いのしし くん。

政治、経済から音楽全般の評論
ultimate one in the cos-mos

国防と自治体。 national defense and self governing body

2019-02-13 20:15:51 | 日記
 (1)安倍首相は改憲理由に国民に一定の支持、理解がある自衛隊が地方自治体からは自衛隊員募集に際して非協力の姿勢にあることをあげて、自衛隊を憲法に明記して存在を揺るぎないものにしたい改憲意思を強調している。

 自衛隊員募集は自衛隊組織が窓口ではなく全国の市町村の事務となっており、安倍首相の発言では「新規隊員募集に対して都道府県の6割以上が協力を拒否している」(報道)として「所要の協力を得られていない」(国会答弁)と述べている(安倍首相の言う所要の協力が何かは別にして、防衛相は自治体の9割の協力が得られていると延べているが)。

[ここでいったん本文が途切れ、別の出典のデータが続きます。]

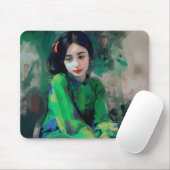 Meisje in de Groene Dress Muismat (Met muis)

 (2)近年は自衛隊員募集も減少にあり自治体の非協力体制を批判したものだが、自治体としても近年の自衛隊が国連PKO活動で海外紛争地への派遣や安倍政権による集団的自衛権の行使容認によ同盟国米国とともに海外紛争地への共同行動を拡大する政策を進めており、自衛隊員の国、国民を守る個別的自衛権による防衛業務以外にあらたに海外の危険を伴う紛争地への派遣業務に自衛隊員を送り込むことになる「窓口」としての責任の大きさ、不安、戸惑いがともなうのは当然だ。

 (3)現代日本は国民徴兵制をとらずに国防は自衛隊員の応募制で自由意志による公募制だが、国は市町村を窓口として手続きをわかりやすく、応募しやすいように自衛隊員確保に配慮している。

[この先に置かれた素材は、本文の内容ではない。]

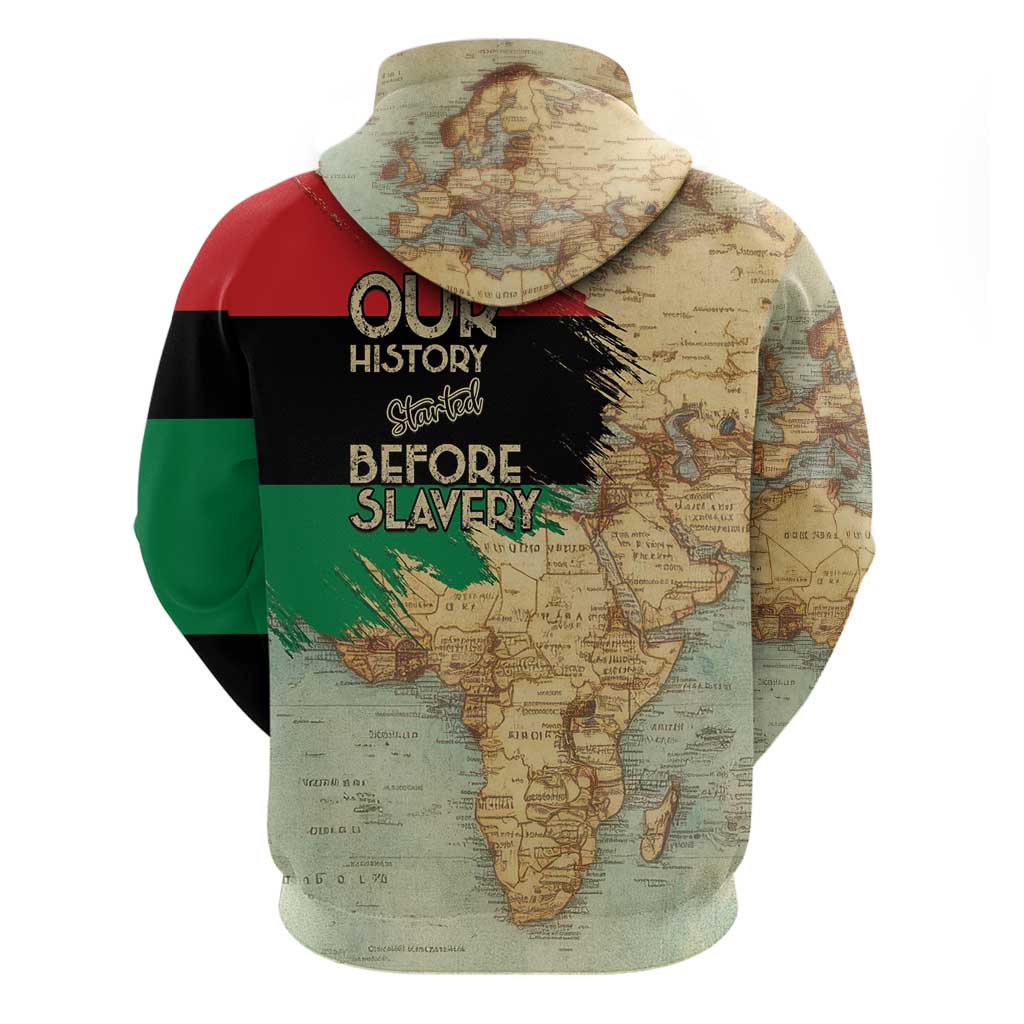 Pan-African Flag Day Zip Hoodie African Map - Vintage Style - African Pride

 国、国民の財産、権利、自由を守るという国防業務から共通利益のある自治体の協力のもとに実施しているものだが、安倍首相の発言ではその自治体の6割以上が受験票の受理など協力を拒否しているといわれている。

 (4)報道によると住民基本台帳の閲覧可能な氏名などの提供を念頭にした発言とざれる。折しも沖縄の辺野古沖埋め立て工事に際して、政府の委託した工事警備会社から埋め立て工事反対派の氏名など個人情報がつくられて防衛省側に提供されていた(防衛省は否定)とされる問題も引き起こしており、自衛隊員募集にあたっても窓口とされる自治体にとっては自衛隊の危険業務拡大により個人情報の開示など自衛隊員募集業務に慎重な姿勢があったとしても不自然ではない。

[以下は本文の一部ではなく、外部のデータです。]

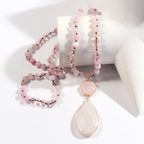 Natural Stone Glass Knotted Necklace Hexagonal Water Drop Stone Pendant Necklace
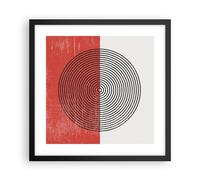 Affiche Poster 40x40cm Tableaux Image Photo Abstraction Blanc-Rouge Cercles Art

 (5)主権国家として国、国民の財産、権利、自由をどう守り、保障するのかは主権の維持の基本的な命題、課題、問題であり、他国からの侵略を防ぎ自国を守る個別的自衛権として国連でも容認されている国防業務だ。

 現在の日本は憲法第9条の戦力不保持、交戦権放棄の制約の中で日米安保条約により米国、米軍との軍事同盟国関係の防衛体制にある。
 このため国内に駐留米軍基地を提供し、沖縄にはその70%以上が集中して過重負担、不平等地位協定の人権問題が政治、社会問題化している。

 (6)地方分権の自治体としては政府、防衛省の方針に左右される国防業務の窓口となることへの抵抗感は考えられて、国、防衛省としても自衛隊員募集のあり方について慎重に考慮する必要がある。